TASK OBJECTIVE
Restate word for word the lines of the records below, starting at the line that contains "The Railway Cutting" and ending at the line that contains "Mini Metallic Hand", with both of those lines included and nothing else.

»»

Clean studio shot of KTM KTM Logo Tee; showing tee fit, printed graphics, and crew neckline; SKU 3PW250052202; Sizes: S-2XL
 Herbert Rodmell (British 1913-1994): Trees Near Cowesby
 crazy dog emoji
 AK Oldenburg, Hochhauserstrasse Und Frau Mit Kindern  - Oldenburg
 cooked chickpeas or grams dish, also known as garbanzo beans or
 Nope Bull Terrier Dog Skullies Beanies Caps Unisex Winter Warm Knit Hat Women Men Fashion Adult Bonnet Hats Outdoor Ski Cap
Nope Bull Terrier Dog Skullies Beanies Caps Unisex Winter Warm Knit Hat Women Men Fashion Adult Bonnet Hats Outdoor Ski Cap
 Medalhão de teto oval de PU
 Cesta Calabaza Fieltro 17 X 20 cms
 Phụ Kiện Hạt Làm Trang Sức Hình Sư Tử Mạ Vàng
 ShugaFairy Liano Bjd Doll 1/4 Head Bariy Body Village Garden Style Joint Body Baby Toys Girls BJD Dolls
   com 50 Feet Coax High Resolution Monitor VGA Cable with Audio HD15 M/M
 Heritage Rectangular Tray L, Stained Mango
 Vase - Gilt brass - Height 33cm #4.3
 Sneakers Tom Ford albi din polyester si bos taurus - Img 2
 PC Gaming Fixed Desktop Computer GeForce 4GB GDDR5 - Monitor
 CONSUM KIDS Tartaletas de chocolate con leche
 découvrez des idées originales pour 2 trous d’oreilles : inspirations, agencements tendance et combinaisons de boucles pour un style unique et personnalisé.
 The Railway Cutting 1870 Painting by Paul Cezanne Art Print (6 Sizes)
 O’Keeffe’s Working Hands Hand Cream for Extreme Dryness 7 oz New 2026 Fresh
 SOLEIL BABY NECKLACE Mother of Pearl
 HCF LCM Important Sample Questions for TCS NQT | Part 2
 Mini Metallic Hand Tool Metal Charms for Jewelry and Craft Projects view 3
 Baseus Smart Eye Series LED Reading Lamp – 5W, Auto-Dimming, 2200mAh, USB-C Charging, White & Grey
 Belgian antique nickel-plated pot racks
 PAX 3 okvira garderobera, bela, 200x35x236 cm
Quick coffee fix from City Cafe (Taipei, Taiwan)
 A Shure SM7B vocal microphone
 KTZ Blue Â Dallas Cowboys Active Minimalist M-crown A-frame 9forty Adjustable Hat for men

««

OUTPUT FOR THIS TASK
 The Railway Cutting 1870 Painting by Paul Cezanne Art Print (6 Sizes)
 O’Keeffe’s Working Hands Hand Cream for Extreme Dryness 7 oz New 2026 Fresh
 SOLEIL BABY NECKLACE Mother of Pearl
 HCF LCM Important Sample Questions for TCS NQT | Part 2
 Mini Metallic Hand Tool Metal Charms for Jewelry and Craft Projects view 3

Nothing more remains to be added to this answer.